Aldehyde dehydrogenase (ALDH) 2 is a mitochondrial isozyme of the heart involved in the metabolism of toxic aldehydes produced from oxidative stress. We hypothesized that hyperglycemia-mediated decrease in ALDH2 activity may impair mitochondrial respiration and ultimately result in cardiac damage. A single dose (65 mg/kg; i.p.) streptozotocin injection to rats resulted in hyperglycemia with blood glucose levels of 443 ± 9 mg/dl versus 121 ± 7 mg/dl in control animals, p<0.0001, N = 7–11. After 6 months of diabetes mellitus (DM) induction, the rats were sacrificed after recording the functionality of their hearts. Increase in the cardiomyocyte cross sectional area (446 ± 32 μm2 Vs 221 ± 10 μm2; p<0.0001) indicated cardiac hypertrophy in DM rats.

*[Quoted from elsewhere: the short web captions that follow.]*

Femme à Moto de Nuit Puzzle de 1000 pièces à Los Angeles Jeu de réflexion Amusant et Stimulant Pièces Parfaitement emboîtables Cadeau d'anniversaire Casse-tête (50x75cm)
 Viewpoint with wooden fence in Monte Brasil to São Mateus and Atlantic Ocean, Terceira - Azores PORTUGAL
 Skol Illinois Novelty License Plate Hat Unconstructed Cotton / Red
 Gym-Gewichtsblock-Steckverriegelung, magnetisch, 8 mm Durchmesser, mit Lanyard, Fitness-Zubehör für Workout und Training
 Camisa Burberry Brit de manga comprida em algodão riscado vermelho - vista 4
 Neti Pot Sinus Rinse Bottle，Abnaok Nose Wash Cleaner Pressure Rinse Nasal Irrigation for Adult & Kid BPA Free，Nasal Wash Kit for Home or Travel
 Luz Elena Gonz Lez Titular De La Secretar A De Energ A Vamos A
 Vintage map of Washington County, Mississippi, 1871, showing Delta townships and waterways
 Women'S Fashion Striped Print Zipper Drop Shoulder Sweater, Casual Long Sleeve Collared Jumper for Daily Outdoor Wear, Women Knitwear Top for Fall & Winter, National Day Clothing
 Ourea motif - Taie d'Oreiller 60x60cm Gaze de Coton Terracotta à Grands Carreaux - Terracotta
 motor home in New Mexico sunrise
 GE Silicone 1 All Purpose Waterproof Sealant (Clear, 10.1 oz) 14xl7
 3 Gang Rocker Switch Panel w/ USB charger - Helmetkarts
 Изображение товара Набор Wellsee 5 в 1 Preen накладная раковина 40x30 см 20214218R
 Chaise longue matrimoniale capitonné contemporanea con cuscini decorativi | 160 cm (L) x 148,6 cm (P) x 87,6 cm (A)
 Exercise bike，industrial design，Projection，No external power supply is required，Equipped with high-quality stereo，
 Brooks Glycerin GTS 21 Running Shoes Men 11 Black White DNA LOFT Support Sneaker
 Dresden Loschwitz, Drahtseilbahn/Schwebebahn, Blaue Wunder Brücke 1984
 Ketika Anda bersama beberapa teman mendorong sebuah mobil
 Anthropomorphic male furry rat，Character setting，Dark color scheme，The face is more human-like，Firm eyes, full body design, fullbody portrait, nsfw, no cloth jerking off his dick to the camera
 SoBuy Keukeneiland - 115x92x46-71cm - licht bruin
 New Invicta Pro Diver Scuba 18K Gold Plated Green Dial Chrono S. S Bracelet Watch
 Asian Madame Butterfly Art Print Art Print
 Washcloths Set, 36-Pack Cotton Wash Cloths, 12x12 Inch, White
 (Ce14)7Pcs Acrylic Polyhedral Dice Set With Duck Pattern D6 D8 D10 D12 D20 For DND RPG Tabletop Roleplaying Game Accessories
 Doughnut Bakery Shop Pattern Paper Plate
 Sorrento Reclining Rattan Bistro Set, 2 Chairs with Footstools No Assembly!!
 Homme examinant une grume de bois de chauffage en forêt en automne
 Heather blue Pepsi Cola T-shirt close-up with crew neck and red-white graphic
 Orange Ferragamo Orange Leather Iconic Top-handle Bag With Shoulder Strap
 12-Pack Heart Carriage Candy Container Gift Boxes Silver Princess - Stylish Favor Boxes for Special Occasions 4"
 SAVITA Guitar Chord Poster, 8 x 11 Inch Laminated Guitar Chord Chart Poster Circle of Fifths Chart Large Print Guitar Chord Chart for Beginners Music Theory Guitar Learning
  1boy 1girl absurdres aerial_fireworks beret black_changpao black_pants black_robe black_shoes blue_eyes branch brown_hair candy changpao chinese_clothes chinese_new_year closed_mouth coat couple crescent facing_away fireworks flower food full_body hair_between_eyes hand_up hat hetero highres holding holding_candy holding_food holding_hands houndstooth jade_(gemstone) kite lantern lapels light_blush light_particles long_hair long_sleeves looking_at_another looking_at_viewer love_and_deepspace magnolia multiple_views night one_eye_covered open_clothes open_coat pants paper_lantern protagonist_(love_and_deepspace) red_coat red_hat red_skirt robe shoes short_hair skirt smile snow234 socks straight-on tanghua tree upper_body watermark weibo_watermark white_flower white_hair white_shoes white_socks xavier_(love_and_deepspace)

Both diastolic and systolic dysfunctions were observed with DM rats compared to controls. Most importantly, myocardial ALDH2 activity and levels were reduced, and immunostaining for 4HNE protein adducts was increased in DM hearts compared to controls. The mitochondrial oxygen consumption rate (OCR), an index of mitochondrial respiration, was decreased in mitochondria isolated from DM hearts compared to controls (p<0.0001). Furthermore, the rate of mitochondrial respiration and the increase in carbonyl cyanide-p-trifluoromethoxyphenylhydrazone (FCCP)-induced maximal respiration were also decreased with chronic hyperglycemia. Chronic hyperglycemia reduced mitochondrial OXPHOS proteins. Reduced ALDH2 activity was correlated with mitochondrial dysfunction, pathological remodeling and cardiac dysfunction, respectively. Our results suggest that chronic hyperglycemia reduces ALDH2 activity, leading to mitochondrial respiratory dysfunction and consequently cardiac damage and dysfunction.

Highlights

  • Hyperglycemia, the increase in blood glucose levels, is a common symptom of both type-1 and type-2 diabetes mellitus (DM)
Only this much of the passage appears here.